Rupert and Kristin, indeed, aren't just any parents.
They are real, quite real. One of the most powerful scenes in "The Horse Boy" comes when Rupert reaches the realization that too much of their journey has been about his own agenda rather than about the needs of his son. With refreshing honesty and authenticity, both Kristin and Rupert love their son unabashedly yet also hope against hope for a decrease in the daily symptoms of his rather profound autism, symptoms such as being practically non-verbal, non-interactive, devoid of self-care skills and those godawful, seemingly endless tantrums.
Beautifully and naturally photographed by director Michel Orion Scott, "The Horse Boy" intimately and with much love captures the inter-workings of a family living a life they never expected with love, respect, dignity and dedication to one another.

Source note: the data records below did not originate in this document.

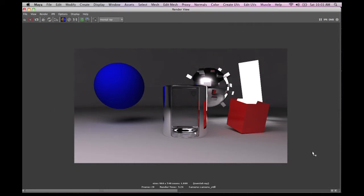Now that we have our render basically to where we want it, let's begin to set it up for multiple passes to render it to a single EXR file.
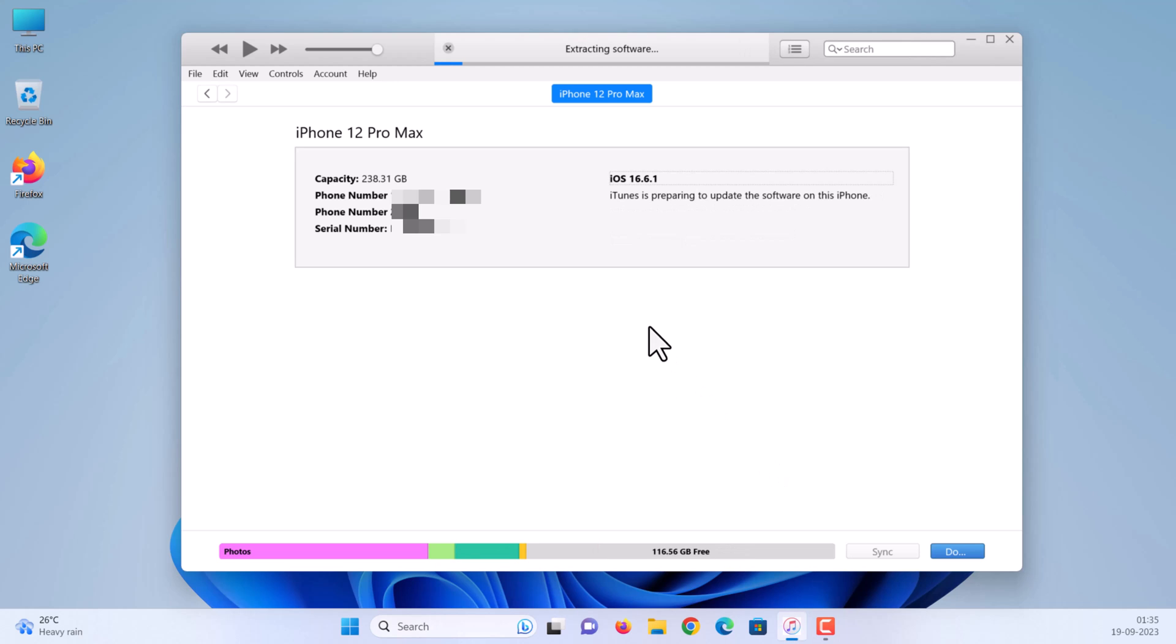iTunes is preparing to update the software. Please make sure your iPhone screen is not locked.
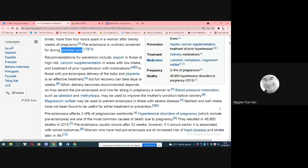At the end of the session, student Thư will present the mechanism of action of Labetalol, the mechanism of Methyldopa, and student Hoàng Kha will present the mechanism of action of Magnesium sulfate.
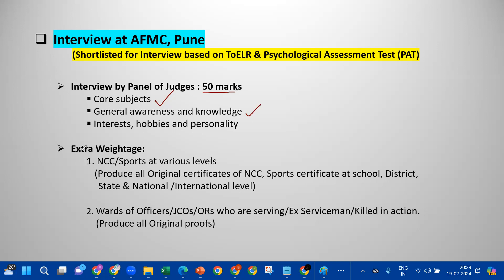Next is extra weightage. In this interview, the students are considered for the NCC and sports category. The NCC and sports certificates from school, district, state, national, and international levels are considered.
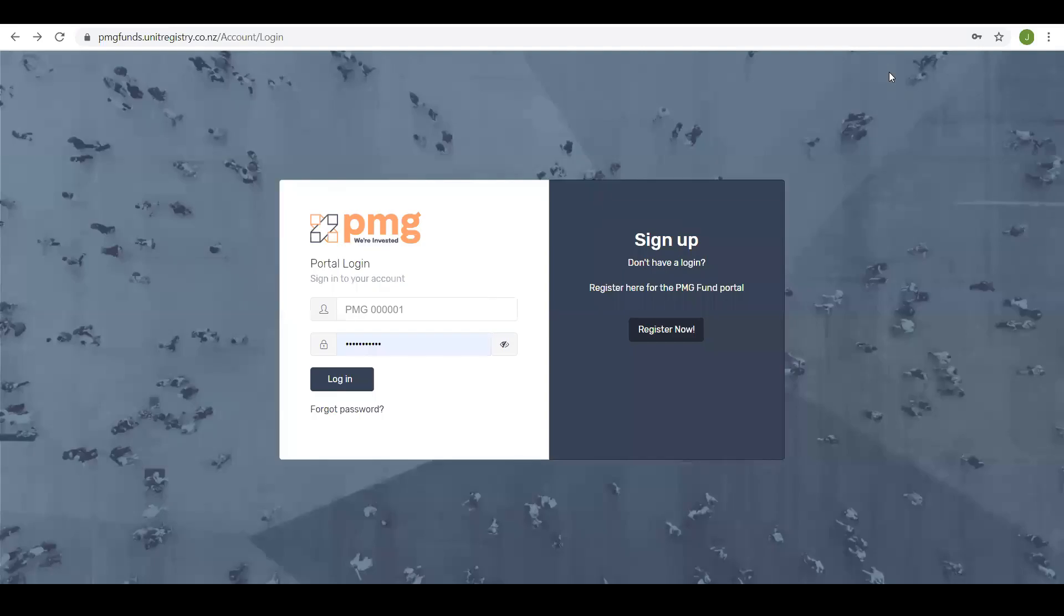Hi, it's Jamie here from PMG Funds. This video is designed to provide a quick overview of the new PMG Investor Portal.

Just as beautifully, Scott captures the wonder of the people of Mongolia, whose nearly unfathomable embrace of this family and this child goes beyond touching towards transcendence.
Woven into the fabric of "The Horse Boy," Scott also includes interviews with some of the leading voices on autism such as Dr. Simon Baron-Cohen, Scott nicely balances fact with emotion, hardcore reality with enchanted possibilities.
The original score from Lili Haydn and Kim Carroll complements the film nicely, though one couldn't help but wish for the incorporation of pieces of native music to companion the family's experiences once inside Mongolia.
Having been an official selection at the 2009 Sundance Film Festival, "The Horse Boy" is the first feature documentary to be placed as one of the "event" films during Indiana's Heartland Film Festival and was the festival's Closing Night Film during the October 2009 festival.
"The Horse Boy" is scheduled for a limited nationwide release by Zeitgeist Films beginning December 11, 2009. During a year when Michael Moore seems almost pre-destined for yet another Oscar nomination for a sub-par documentary achievement, "The Horse Boy" is a wondrous example of the magic, beauty, intelligence and inspiration that can be found in a documentary.
A story of disability?
Not a chance.
"The Horse Boy" is about two parents going farther than one would ever imagine to heal the son that they love.